Re: Why does std.string.splitLines return an array?

2012-10-22 Thread Andrei Alexandrescu

On 10/22/12 1:05 AM, Chad J wrote:

On 10/21/2012 06:35 PM, Jonathan M Davis wrote:

On Sun, 2012-10-21 at 18:00 -0400, Chad J wrote:

std.string.splitLines returns an array, which is pretty grody. Why not
return a lazily-evaluated range struct so that we can avoid allocations
on this simple but common operation?


If you want a lazy range, then use std.algorithm.splitter. std.string
operates on and returns strings, not general ranges.

- Jonathan M Davis



std.algorithm.splitter is simply not acceptable for this. It doesn't
have this kind of logic:

bool matchLineEnd( string text, size_t pos )
{
if ( pos+1 < text.length
&& text[pos] == '\r'
&& text[pos+1] == '\n' )
return true;
else if ( pos < text.length
&& (text[pos] == '\r' || text[pos] == '\n') )
return true;
else
return false;
}


Agreed. We should add splitter() accepting only one argument of some 
string type. It would use the line splitting logic above.

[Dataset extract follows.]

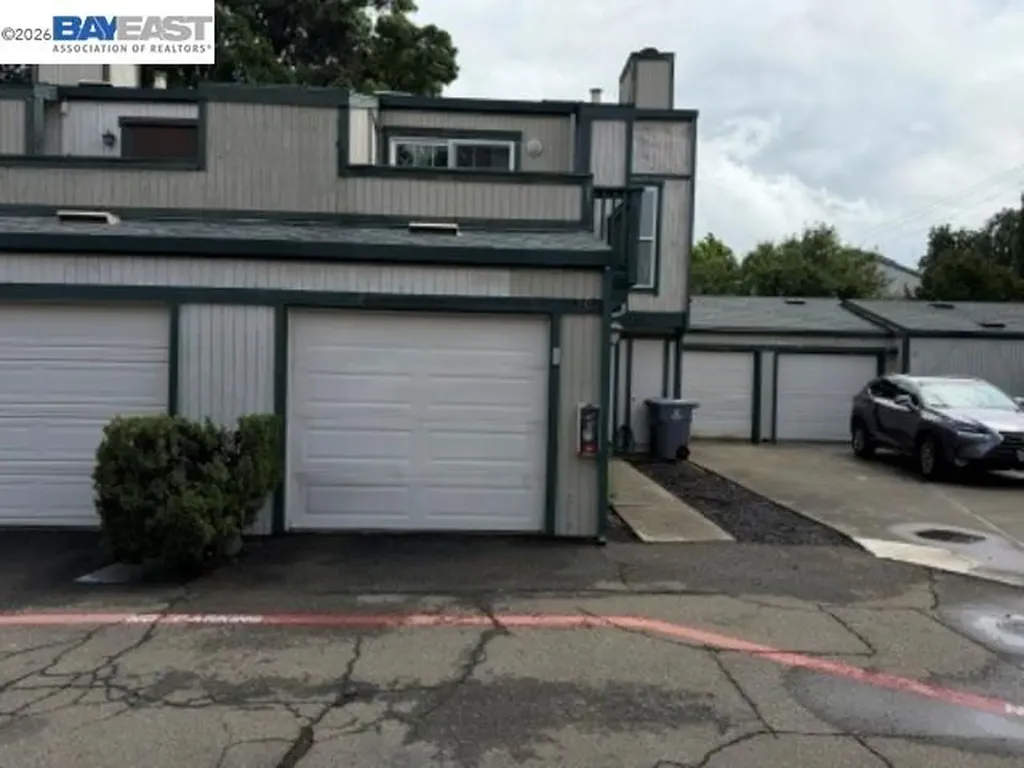 299 Shasta Drive Vacaville CA 95687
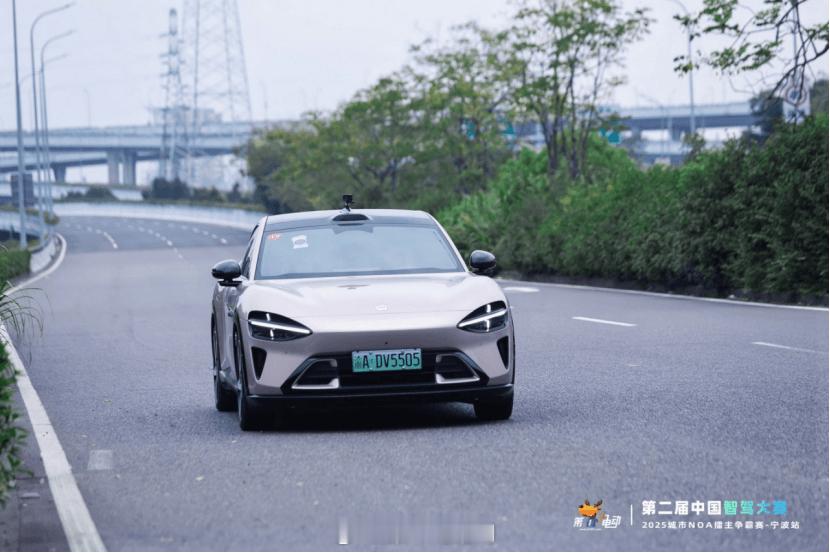 第二届中国智驾大赛宁波站 透明保鲜膜成“照妖镜”？小米稳稳刹停，华为系却集体翻车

Could you please adapt your code to do this and package it in a pull 
request? Thanks!



Andrei


Re: Why does std.string.splitLines return an array?

2012-10-21 Thread Chad J

On 10/21/2012 06:35 PM, Jonathan M Davis wrote:

On Sun, 2012-10-21 at 18:00 -0400, Chad J wrote:

std.string.splitLines returns an array, which is pretty grody.  Why not
return a lazily-evaluated range struct so that we can avoid allocations
on this simple but common operation?


If you want a lazy range, then use std.algorithm.splitter. std.string
operates on and returns strings, not general ranges.

- Jonathan M Davis



std.algorithm.splitter is simply not acceptable for this.  It doesn't 
have this kind of logic:


bool matchLineEnd( string text, size_t pos )
{
if ( pos+1 < text.length
  && text[pos] == '\r'
  && text[pos+1] == '\n' )
return true;
else if ( pos < text.length
  && (text[pos] == '\r' || text[pos] == '\n') )
return true;
else
return false;
}

I've never used std.algorithm.splitter for line splitting, despite 
trying.  It's always more effective to write your own.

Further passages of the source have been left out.